- **EXERCISE INSTRUCTIONS**
In the data below, how many lines contain the string "Happy"? Give only the figure.

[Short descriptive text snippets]
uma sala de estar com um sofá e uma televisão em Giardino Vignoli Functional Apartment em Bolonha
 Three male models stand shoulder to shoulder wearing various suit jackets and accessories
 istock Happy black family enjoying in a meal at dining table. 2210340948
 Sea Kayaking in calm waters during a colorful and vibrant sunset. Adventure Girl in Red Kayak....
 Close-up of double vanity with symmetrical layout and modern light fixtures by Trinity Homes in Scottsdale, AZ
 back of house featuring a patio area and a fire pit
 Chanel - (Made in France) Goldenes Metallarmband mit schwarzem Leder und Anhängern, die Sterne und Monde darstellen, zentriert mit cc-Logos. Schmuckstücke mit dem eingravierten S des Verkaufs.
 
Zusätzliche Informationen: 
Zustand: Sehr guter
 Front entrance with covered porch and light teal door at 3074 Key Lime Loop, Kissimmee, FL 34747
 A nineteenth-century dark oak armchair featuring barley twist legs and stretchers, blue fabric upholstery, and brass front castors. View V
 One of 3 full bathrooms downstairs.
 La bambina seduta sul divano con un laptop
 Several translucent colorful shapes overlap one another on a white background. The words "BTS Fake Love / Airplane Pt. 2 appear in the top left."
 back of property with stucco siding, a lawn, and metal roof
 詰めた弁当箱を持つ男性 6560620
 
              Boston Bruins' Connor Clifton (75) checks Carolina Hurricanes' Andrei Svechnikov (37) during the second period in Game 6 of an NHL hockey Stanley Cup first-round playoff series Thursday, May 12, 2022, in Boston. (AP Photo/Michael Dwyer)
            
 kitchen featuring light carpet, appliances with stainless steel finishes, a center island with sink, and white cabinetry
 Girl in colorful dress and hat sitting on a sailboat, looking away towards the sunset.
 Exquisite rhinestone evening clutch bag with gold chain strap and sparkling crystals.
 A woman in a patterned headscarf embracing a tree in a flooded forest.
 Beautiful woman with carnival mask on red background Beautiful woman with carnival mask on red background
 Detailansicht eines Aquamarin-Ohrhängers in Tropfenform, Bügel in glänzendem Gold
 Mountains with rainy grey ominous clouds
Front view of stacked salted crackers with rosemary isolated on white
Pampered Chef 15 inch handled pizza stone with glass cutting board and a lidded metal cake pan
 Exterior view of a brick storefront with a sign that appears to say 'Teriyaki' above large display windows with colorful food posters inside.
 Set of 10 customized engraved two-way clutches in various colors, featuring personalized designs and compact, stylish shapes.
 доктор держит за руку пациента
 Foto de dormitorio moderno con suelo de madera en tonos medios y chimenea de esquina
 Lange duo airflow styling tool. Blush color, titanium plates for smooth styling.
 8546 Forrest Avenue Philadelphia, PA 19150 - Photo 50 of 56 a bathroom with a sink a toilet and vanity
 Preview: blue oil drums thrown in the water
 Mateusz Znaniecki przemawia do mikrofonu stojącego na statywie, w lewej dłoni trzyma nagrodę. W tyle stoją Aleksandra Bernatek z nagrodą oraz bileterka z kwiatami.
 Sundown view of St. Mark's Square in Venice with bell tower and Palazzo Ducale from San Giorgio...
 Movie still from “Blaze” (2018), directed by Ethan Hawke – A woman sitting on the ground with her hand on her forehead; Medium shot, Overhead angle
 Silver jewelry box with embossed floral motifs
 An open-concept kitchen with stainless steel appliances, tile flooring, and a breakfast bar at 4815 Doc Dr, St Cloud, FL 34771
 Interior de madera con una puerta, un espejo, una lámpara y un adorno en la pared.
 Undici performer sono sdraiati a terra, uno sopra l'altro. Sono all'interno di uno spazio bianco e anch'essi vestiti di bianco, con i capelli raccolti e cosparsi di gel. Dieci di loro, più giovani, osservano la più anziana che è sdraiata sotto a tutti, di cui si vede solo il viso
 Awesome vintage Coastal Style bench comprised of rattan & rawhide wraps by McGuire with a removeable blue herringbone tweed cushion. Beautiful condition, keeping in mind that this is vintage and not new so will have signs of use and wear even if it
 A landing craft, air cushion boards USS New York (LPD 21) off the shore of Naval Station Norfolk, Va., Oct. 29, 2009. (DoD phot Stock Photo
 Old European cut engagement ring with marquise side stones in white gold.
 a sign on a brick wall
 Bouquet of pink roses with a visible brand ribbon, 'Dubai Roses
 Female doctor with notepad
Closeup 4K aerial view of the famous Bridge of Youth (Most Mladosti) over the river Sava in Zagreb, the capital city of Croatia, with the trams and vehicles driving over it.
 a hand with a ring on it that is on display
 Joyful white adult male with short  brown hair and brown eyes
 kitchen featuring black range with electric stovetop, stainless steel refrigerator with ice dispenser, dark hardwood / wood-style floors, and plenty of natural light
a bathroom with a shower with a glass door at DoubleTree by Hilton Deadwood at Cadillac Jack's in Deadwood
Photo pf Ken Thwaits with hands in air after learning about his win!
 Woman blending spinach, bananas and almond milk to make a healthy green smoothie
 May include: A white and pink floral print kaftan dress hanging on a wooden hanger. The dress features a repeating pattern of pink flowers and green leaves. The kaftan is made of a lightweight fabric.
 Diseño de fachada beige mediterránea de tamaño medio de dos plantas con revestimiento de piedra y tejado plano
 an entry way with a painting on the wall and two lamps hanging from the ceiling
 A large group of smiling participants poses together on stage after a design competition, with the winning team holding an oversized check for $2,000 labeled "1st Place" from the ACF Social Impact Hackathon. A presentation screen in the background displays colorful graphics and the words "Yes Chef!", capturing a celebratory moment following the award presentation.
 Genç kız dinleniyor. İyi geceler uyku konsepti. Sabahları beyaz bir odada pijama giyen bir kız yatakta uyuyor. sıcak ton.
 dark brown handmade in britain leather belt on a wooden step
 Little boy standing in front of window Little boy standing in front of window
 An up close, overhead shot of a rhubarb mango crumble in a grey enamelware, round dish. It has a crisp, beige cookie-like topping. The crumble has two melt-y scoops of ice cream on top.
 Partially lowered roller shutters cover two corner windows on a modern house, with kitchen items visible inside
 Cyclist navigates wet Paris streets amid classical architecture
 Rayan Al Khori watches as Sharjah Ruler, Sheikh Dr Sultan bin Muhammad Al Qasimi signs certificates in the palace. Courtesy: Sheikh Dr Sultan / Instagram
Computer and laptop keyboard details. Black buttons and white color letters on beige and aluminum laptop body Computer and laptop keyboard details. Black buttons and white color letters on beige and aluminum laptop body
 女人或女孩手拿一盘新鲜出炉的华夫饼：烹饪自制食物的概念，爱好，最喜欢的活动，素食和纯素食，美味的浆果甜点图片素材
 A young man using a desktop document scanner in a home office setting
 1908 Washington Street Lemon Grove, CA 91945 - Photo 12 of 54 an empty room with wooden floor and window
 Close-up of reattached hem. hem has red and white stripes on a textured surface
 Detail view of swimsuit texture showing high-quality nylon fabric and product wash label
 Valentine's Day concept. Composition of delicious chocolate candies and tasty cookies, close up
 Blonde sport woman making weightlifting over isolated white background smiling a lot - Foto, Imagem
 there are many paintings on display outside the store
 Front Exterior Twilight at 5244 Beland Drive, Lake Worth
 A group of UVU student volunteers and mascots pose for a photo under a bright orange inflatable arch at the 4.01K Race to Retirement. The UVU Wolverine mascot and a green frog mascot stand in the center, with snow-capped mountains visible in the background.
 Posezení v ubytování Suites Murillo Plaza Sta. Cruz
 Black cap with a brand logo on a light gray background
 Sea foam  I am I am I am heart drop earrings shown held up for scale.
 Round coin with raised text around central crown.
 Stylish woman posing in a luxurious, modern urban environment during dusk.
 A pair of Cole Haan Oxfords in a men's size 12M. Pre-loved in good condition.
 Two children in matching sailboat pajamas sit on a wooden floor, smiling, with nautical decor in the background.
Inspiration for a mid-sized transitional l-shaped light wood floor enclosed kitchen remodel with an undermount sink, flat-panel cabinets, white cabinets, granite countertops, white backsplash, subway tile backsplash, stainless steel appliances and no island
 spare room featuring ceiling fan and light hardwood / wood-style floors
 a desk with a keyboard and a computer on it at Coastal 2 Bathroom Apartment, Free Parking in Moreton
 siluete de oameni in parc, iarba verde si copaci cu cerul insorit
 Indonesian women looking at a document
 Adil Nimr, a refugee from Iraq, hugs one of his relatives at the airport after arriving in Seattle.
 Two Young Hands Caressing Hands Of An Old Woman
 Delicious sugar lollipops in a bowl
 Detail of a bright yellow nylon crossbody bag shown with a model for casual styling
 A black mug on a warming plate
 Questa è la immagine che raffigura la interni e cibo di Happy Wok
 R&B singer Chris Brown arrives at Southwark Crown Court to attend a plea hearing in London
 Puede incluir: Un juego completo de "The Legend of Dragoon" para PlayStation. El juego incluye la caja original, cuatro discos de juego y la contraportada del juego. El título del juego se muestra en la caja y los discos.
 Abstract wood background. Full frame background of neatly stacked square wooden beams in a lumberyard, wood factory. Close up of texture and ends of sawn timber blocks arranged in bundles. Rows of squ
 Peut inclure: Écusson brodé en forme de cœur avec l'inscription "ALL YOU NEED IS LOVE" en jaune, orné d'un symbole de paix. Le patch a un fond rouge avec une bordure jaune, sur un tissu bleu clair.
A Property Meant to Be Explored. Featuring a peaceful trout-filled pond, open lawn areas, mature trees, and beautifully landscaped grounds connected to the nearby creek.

- **ANSWER TO THIS TASK**
2